* **What you should do**: How many lines in the records below hold the word "living"? Answer with the number alone.
══ Exercise data ══
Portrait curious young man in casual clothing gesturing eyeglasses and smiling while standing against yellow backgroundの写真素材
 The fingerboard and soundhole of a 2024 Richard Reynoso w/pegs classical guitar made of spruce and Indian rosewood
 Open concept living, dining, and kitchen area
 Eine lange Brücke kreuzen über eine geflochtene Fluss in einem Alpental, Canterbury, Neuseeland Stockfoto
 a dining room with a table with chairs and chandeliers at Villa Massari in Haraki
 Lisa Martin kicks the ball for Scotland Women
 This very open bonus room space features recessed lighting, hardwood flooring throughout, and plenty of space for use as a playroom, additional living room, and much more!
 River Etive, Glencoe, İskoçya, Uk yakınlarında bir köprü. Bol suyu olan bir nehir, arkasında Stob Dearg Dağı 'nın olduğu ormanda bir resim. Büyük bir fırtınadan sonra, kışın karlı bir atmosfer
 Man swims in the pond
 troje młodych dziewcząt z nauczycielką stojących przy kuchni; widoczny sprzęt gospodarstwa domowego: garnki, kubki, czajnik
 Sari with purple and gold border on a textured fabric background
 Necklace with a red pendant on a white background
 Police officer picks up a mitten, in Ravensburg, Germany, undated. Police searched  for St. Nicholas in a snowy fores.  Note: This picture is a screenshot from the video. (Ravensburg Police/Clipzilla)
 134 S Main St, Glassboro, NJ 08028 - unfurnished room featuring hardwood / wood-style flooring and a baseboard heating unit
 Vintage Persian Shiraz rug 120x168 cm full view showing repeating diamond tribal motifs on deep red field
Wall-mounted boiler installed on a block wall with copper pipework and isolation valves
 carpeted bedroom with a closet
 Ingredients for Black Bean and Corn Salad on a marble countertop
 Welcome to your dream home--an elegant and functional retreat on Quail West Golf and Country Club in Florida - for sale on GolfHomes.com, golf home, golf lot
═══
* **Output of the task**: 2